Principle:Allenai Open instruct Distributed Policy Training
| Knowledge Sources | |
|---|---|
| Domains | Distributed Computing Reinforcement Learning |
| Last Updated | 2026-02-07 00:00 GMT |
Overview
Distributed policy training is the technique of using Ray actors and DeepSpeed to train an RL policy model across multiple GPUs and nodes, combining actor-based coordination with ZeRO-based memory optimization.
Description
GRPO training requires running forward and backward passes on a large language model while also managing reference model inference, weight synchronization, checkpointing, and learning rate scheduling. This is accomplished by deploying multiple PolicyTrainerRayProcess actors, each owning one GPU and managed by Ray, while using DeepSpeed for the underlying distributed training mechanics.
The architecture uses two distinct layers of parallelism:
- Ray actor layer: Each learner GPU runs as an independent Ray actor. The main process coordinates these actors by issuing remote calls (e.g.,
step(),save_model(),broadcast_to_vllm()). This layer handles lifecycle management, fault detection, and heterogeneous scheduling.
- DeepSpeed layer: Within the learner actors, DeepSpeed provides data-parallel training with ZeRO optimization. DeepSpeed handles gradient synchronization, optimizer state sharding, mixed-precision training, and gradient checkpointing. The ZeRO stage (0, 2, or 3) determines the memory-efficiency/communication tradeoff.
Key design decisions:
- One GPU per actor: Each PolicyTrainerRayProcess manages exactly one GPU. This simplifies resource management and allows fine-grained placement.
- Variable learners per node: Different nodes can have different numbers of learner GPUs (e.g.,
--num_learners_per_node 2 4means 2 learners on node 0 and 4 on node 1), enabling flexible hardware utilization. - Gradient checkpointing: Enabled by default to reduce memory usage at the cost of recomputing activations during the backward pass.
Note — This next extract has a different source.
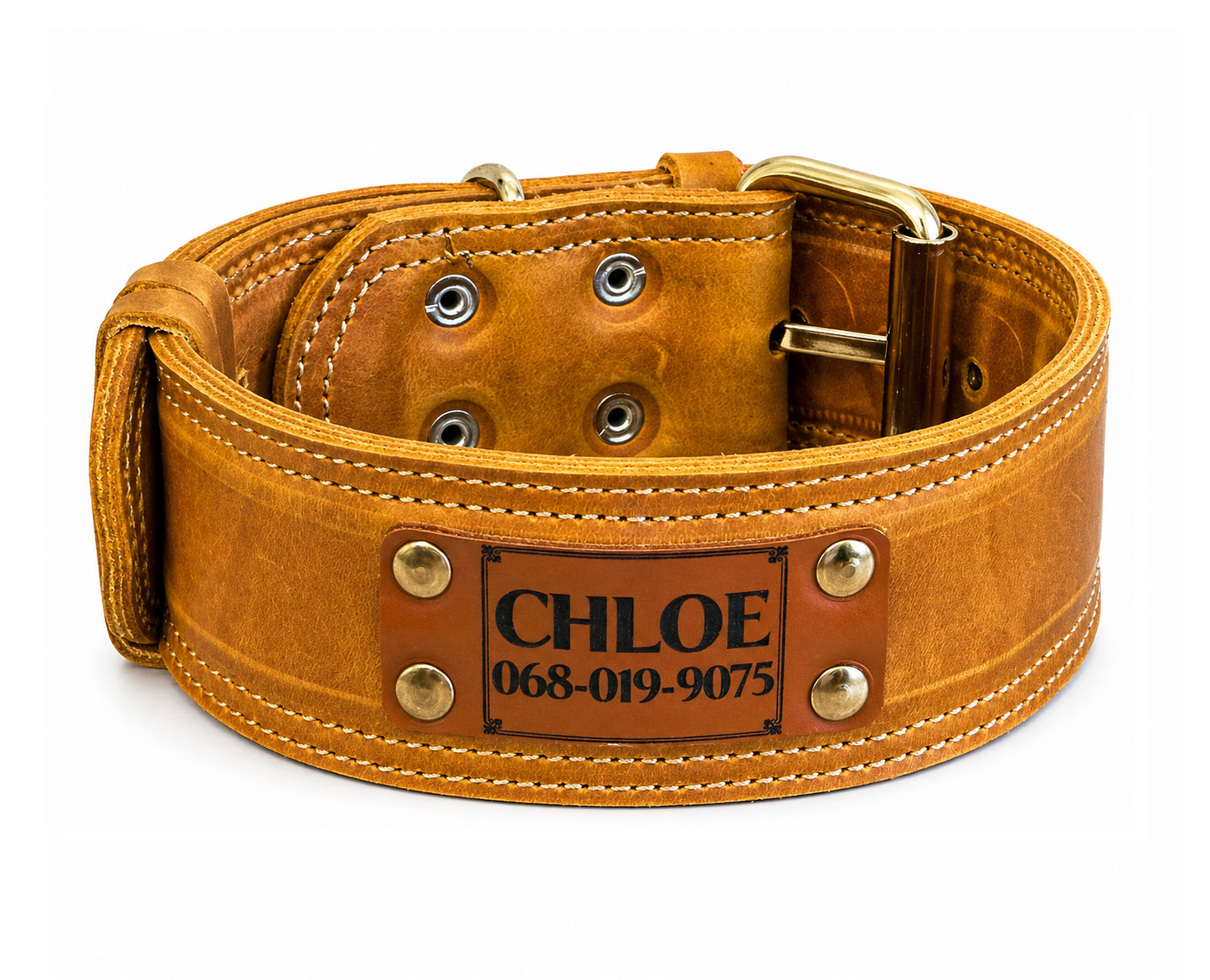 Brown leather dog collar with gold hardware and a nameplate on a white background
- Sequence parallelism: For very long sequences, multiple GPUs can be used to parallelize the sequence dimension using Ulysses-style attention splitting.
Usage
Distributed policy training is the standard approach for all GRPO training runs with more than one learner GPU. It is configured via the ExperimentConfig parameters: num_learners_per_node, deepspeed_stage, sequence_parallel_size, and gradient_checkpointing.
Theoretical Basis
DeepSpeed ZeRO Stages
Stage 0: No sharding. Each GPU holds full model, optimizer, and gradients.
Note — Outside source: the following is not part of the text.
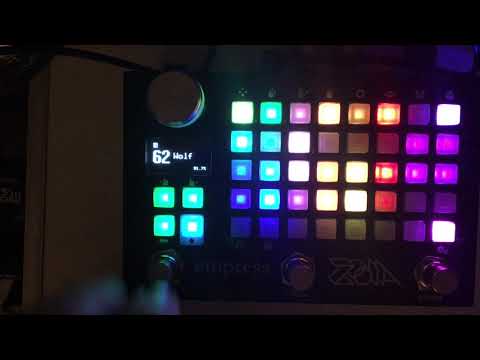 Empress ZOIA patch walk-through:  "Wolf -- a sequenced loop delay"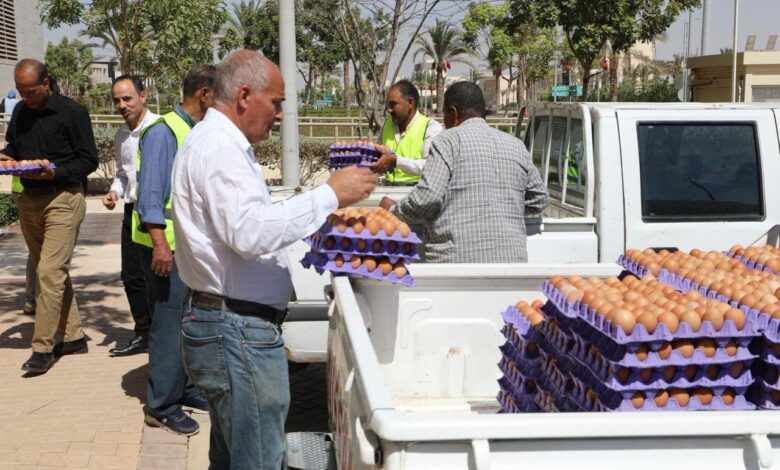   طرح بيض المائدة بتخفيضات 25% عبر منافذ وزارة الزراعة المتنقلة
Memory per GPU: M + O + G (where M=model, O=optimizer states, G=gradients)
Communication: standard AllReduce for gradients
Stage 2: Optimizer and gradient sharding.
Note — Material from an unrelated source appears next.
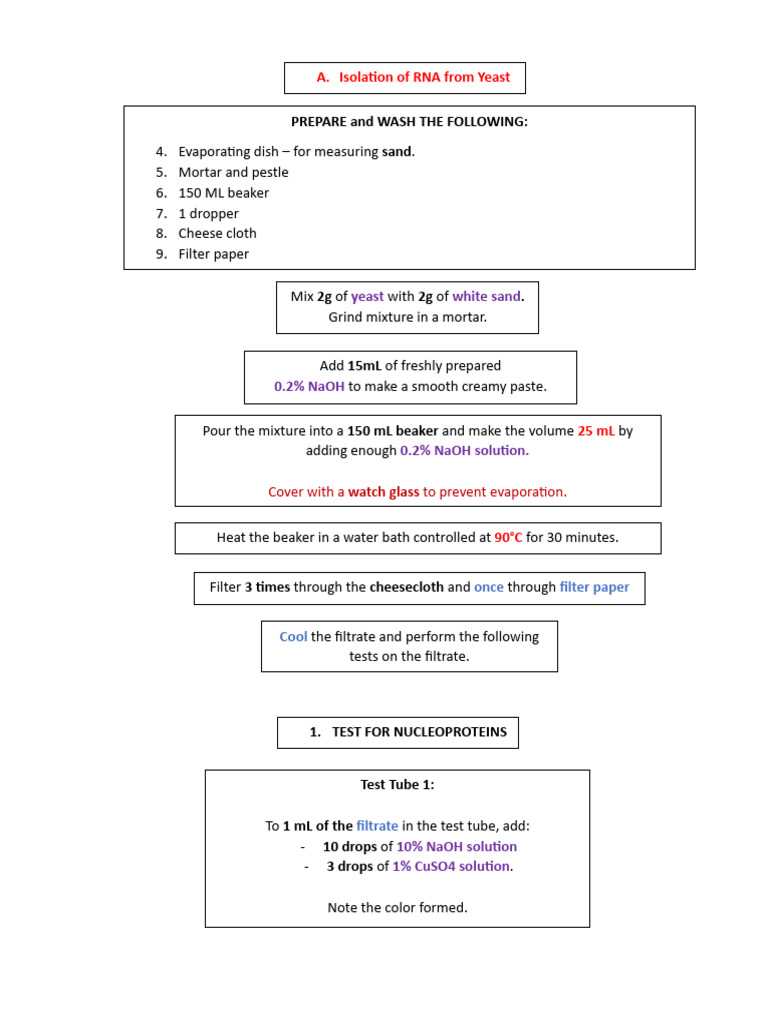 schematic diagram for the preparation of rna from yeast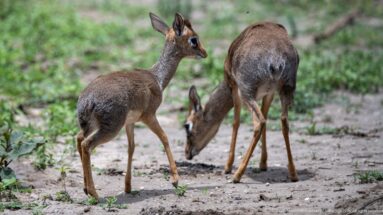 Two Kirk’s dik-diks on sandy ground, one alert in profile and the other feeding.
Memory per GPU: M + (O + G) / N
Communication: ReduceScatter for gradients, AllGather for parameters
Stage 3: Full sharding (model + optimizer + gradients).
Memory per GPU: (M + O + G) / N
Communication: AllGather for forward/backward, ReduceScatter for gradients
ZeRO Partition Groups (ZPG)
The deepspeed_zpg parameter controls the ZeRO partition group size. Setting zpg=8 (default, typically one node) means that parameter sharding only occurs within groups of 8 GPUs, reducing cross-node communication:
With zpg=8 on 2 nodes of 8 GPUs each:
- GPUs 0-7 form one partition group
- GPUs 8-15 form another partition group
- AllGather/ReduceScatter only within groups (fast intra-node)
- AllReduce across groups for gradient synchronization
Ray + DeepSpeed Integration
The integration requires careful initialization ordering:
1. Ray spawns N actor processes (one per learner GPU)
2. Each actor initializes torch.distributed (NCCL backend)
3. Each actor calls deepspeed.init_distributed()
4. Each actor creates DeepSpeed engine with the policy model
5. Rank 0 actor creates an additional process group for vLLM weight sync
6. All actors synchronize via barrier
The pre-initialization of torch.distributed before DeepSpeed is critical to avoid NCCL hangs when multiple process groups exist.